> [WHAT YOU ARE ASKED TO DO]: Within the entries below, please return exactly the lines from the one with "Future Gaming Classic" through the one with "Nanette Lepore Black", leaving out any pictures.

> [RECORDED DATA]:

* * * *

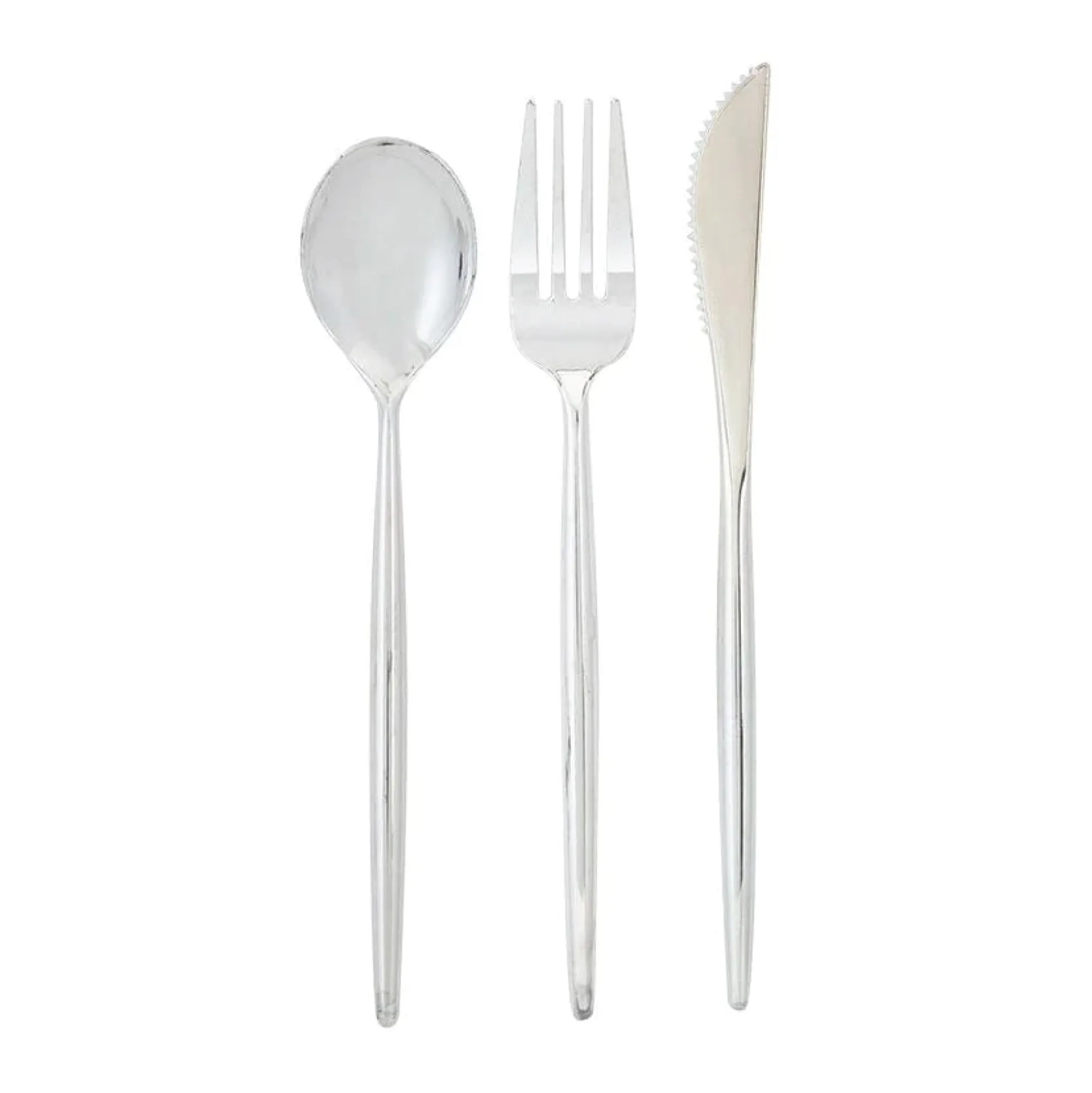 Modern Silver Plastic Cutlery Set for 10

* * * *

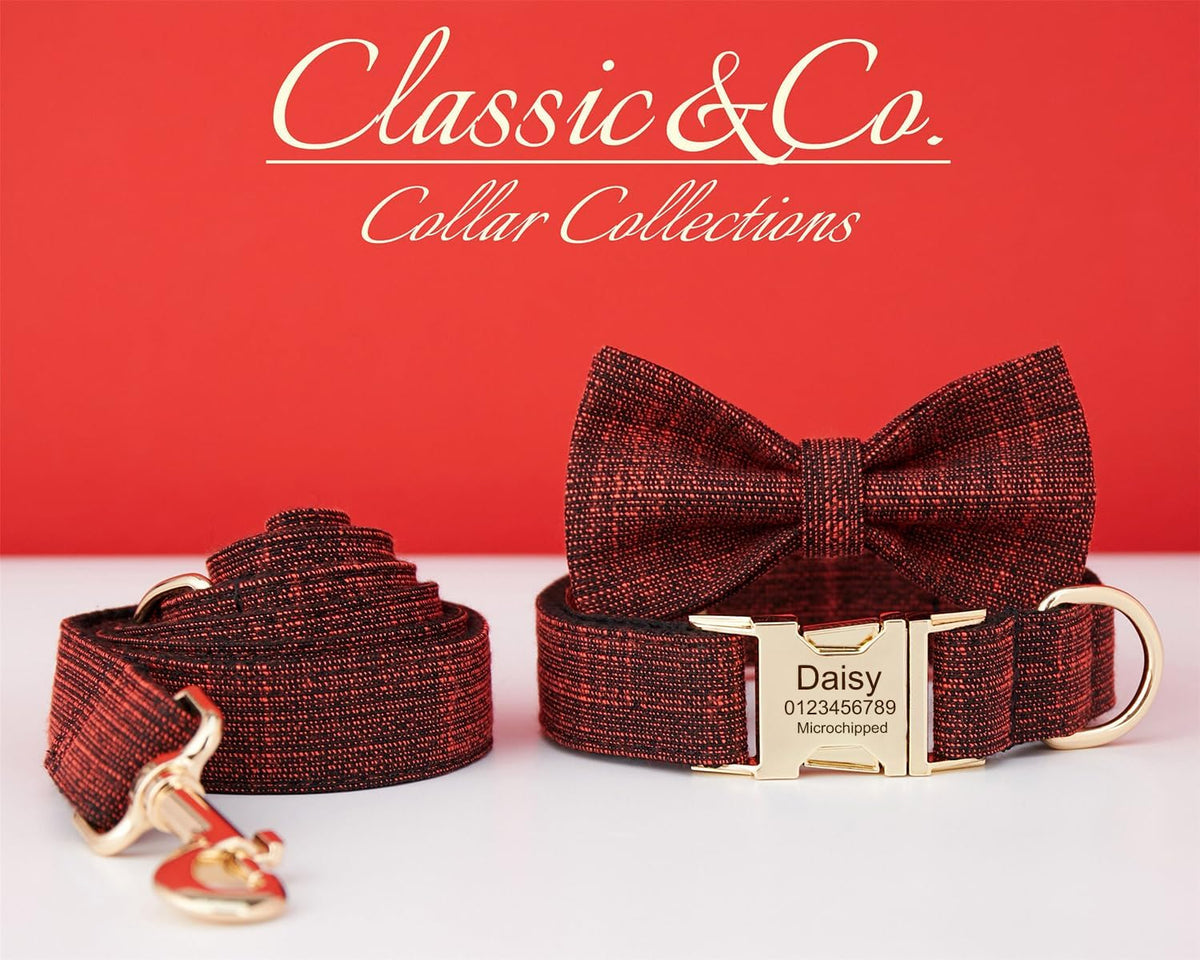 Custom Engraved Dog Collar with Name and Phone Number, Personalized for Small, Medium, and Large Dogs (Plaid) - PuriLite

* * * *

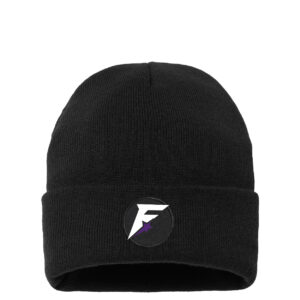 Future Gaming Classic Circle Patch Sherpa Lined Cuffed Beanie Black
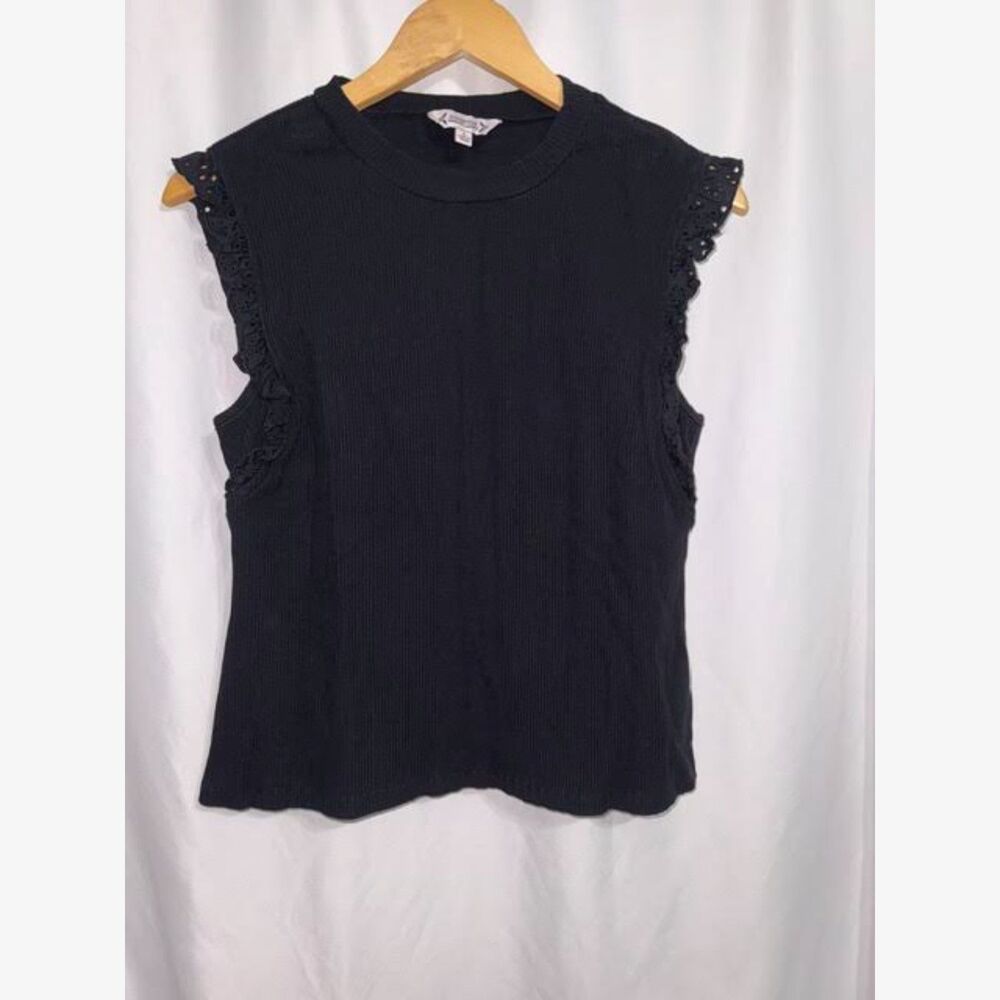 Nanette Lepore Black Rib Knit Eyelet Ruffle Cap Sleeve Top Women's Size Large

* * * *

> [EXERCISE RESPONSE]:
 Future Gaming Classic Circle Patch Sherpa Lined Cuffed Beanie Black
 Nanette Lepore Black Rib Knit Eyelet Ruffle Cap Sleeve Top Women's Size Large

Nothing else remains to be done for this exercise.